Cevap vermek için kürsüye çıkan CHP’li Başbakan Dr. Refik Saydam, Struma Faciası üzerine o meşhur sözünü bu sırada söyledi:
“Türkiye, başkaları tarafından arzu edilmeyen insanlara melce olamaz. Türkiye başkaları tarafından arzu edilmeyen insanlar için vatan hizmeti göremez. Bizim tuttuğumuz yol budur. Kendilerini bu sebepten İstanbul’da alıkoyamadık. Çok yazık ki bir kazaya kurban gittiler.”
4 Mayıs 1942 günü Başbakan Refik Saydam, Anadolu Ajansı Genel Müdürü Muvaffak Menemencioğlu’nu çağırıp “Ajans meselesinin halledileceğini” bildirdi.
Türk olmayan bütün memurların işine son vermek gerektiğini söyledi ve bizzat bir liste verdi. Bu listeyle Türkiye Cumhuriyeti vatandaşı olan Musevi, Ermeni ve “dönme” (Sabetaycı) olduğu tespit edilen 26 ajans çalışanının işine son verildi.
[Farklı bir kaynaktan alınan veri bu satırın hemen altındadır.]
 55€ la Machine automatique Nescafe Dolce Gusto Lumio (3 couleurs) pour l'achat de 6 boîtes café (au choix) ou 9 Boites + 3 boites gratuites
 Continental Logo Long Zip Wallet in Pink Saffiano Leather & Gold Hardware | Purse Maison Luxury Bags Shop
Anadolu Ajansı‘ndan kovulanlardan 13’ünün isimleri şöyleydi: Jean Benda, Ferda İlkgelen, Etval Akşiyote, Dinah Tadıhan, Eugenie Naon, Esther Karbel, Vitalis, Benda, Sarah Nahmiyas, Raşel, Silvia, Mahcubyan ve Rozet Avigdor…
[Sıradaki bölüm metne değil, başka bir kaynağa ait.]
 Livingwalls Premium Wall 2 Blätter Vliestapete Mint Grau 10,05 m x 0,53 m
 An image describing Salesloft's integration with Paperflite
Tasfiyeye öncülük eden Ziya Gevher Etili, bir süre sonra Anadolu Ajansı’nın genel müdürü oldu.”
1942 yılında Anadolu Ajansı’ndan kovulan bu isimlerden en az yedi tanesi şüphesiz Yahudi. Yahudi oldukları için kovulan bu kişilerin sonraki kariyerlerini bilmiyoruz.
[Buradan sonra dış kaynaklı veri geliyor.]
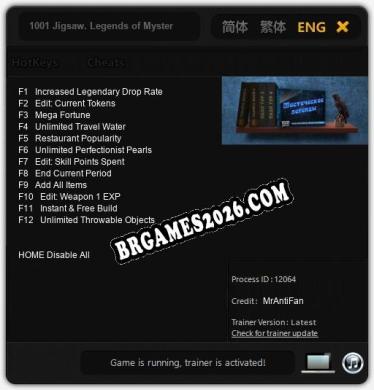 1001 Jigsaw. Legends of Mystery: Trainer Atualizado v1.4 (todos os cheats)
Bir defa gayrimüslimlerden temizlendikten sonra AA’ya başka hiçbir azınlığın alınmamasıyla kurum tamamen Türk olarak muhafaza edildi. Yakın zamanda vefat eden duayen gazeteci Sami Kohen, kariyerinin başında Anadolu Ajansı’yla olan iletişimini Rita Ender’e şöyle anlatıyor:
O dönem çok iş aradım. Mesela Anadolu Ajansı ilan vermişti. Lisan bilen birini arıyorlardı. Gittim görüşmeye, adamlar “Harika” dediler. Sonra Ankara’dan “Yok, gayrimüslim olmaz” cevabı geldi. Vatan gazetesi daha uygun görünüyordu; Ahmet Emin Yalman vardı, o da dönme, halden anlar vs. Benimle ilgilendi. Fakat gazetenin sahibi olduğundan, beni başkalarına havale etti, onlar da ‘Kohen’i duyunca pas geçtiler. Yani, hangi kapıyı çalsam…
İşe almada antisemitizm bu alıntıdan görüldüğü gibi AA’ya has bir durum değildi. Ancak bir kamu kuruluşu olan AA’daki ayrımcılık birtakım patronun nefretinden ziyade merkezi bir siyasi kararın sonucuydu.